Last month in Mexico I often noticed advertisements for Bimbo bread. Then I looked at news from home and learned that cute, little Bimbo owned Ben’s Bread and was closing their big bakery on Pepperell Street in Halifax.
The closure is not a huge surprise; little manufacturing happens on the peninsula anymore. The fragrance of baking bread will be missed (Java Blend roasting coffee beans is one of the last of a long history of urban, food processing aromas).
My immediate thought was What will become of Ben’s sculpture wall along Quinpool Road? You’ve never noticed it? Let me tell you my memory (that may not be totally accurate).
In 1968, Josef Drapell, a 28 year old artist and recent immigrant from Czechoslovakia, was visiting Halifax. He noticed that Ben’s had a boring fence along the edge of their property that fronted on Quinpool and approached the company about producing a work of art that would enhance the streetscape. Ben’s accepted the proposal and Drapell created a curving concrete wall gesture entitled Life. Here is the little plaque attached to the wall.
A Streetview screen capture shows the whole piece. Originally, I believe there was another building to the left that framed the piece and there was not an illuminated Ben’s sign peeking over the top.
You are really meant to experience the wall while walking along the sidewalk. The rhythm of Life is flat at either end and more complex in the middle with a series of breaks and high points. Sort of how you would expect a 28 year old to imagine life (I’d put the high points at the old end).
The little gifts of the piece are acrylic inserts in the concrete. I took these photos in January a few years ago and the north facing concrete was quite dreary but the acrylic rods glowed.
As did these little translucent breaks.
I think this was a smart and appropriate intervention on what was and is a very conventional street. It was bold of Ben’s to commission the piece. It has been a gift to the street for 47 years, even if the street has not always recognized its riches.
For context here is a Nova Scotia Archives photo of what Quinpool looked like about the time that Life was installed. Actually doesn’t look that much different. The wall offered a glimpse of modernity that the street declined.
I encourage you to pause and experience Life. I don’t believe it will go on for ever.

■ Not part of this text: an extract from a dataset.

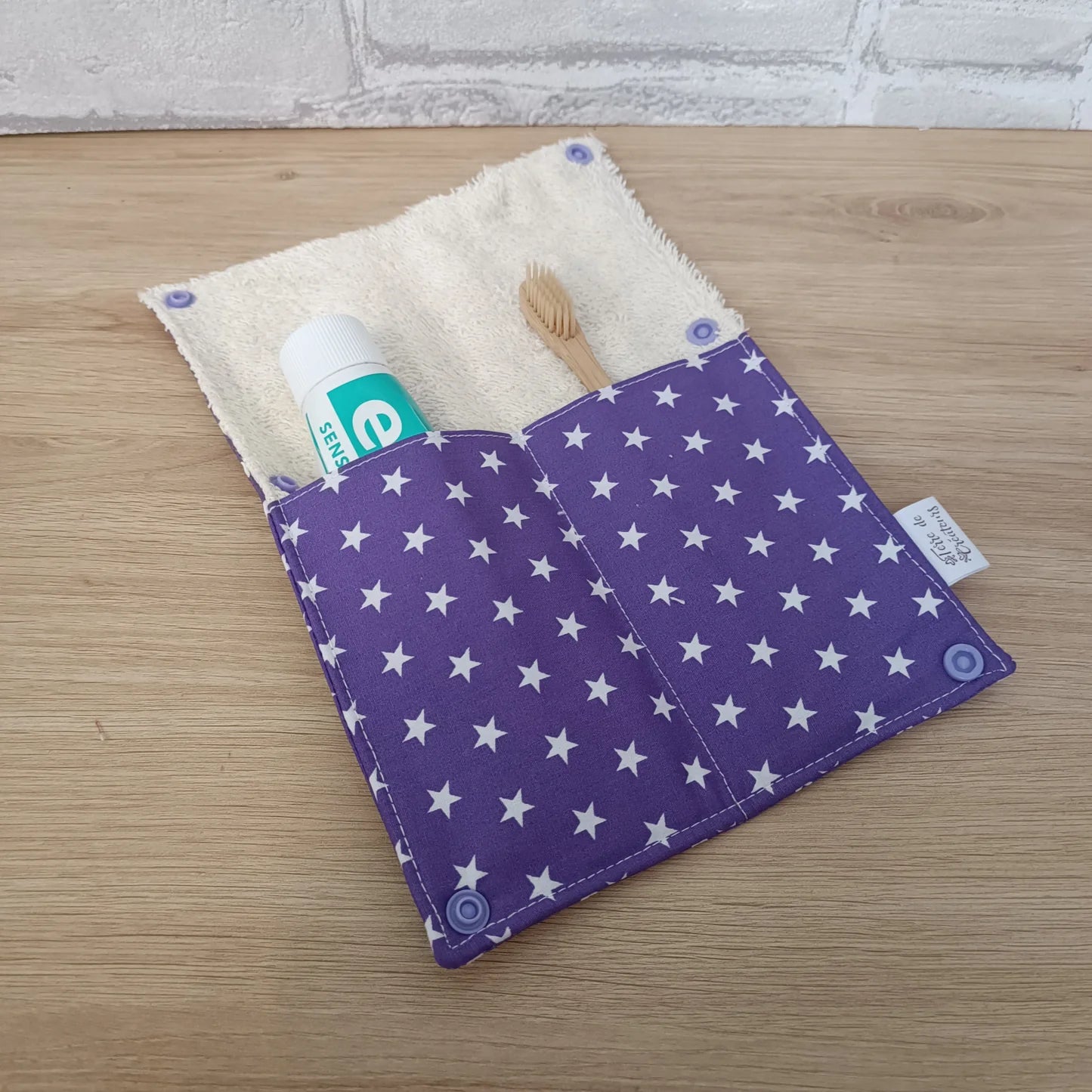 Étui à brosse à dents et dentifrice motif étoiles fond mauve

- Serpentine walls have quite a heritage. The most famous in North America was designed by Thomas Jefferson for the University of Virginia. The wall is only one brick thick because the curves provide strength (like corrugated cardboard). I imagine this same principle works with the relatively thin Ben’s wall.
- A serpentine wall sculpture I love is by Andy Goldsworthy at the Storm King sculpture park in New York State.
Goldsworthy has done work in Nova Scotia made of ice and driftwood, intended to be washed away by the Fundy Tides.
- And just because it is the most joyful picture of Quinpool Road ever: an Archives image of the Bicentenary Parade for Halifax in 1949 turning at Oxford Street. Many of the buildings, although much altered, are still there. The dudes really know how to rock those fedoras.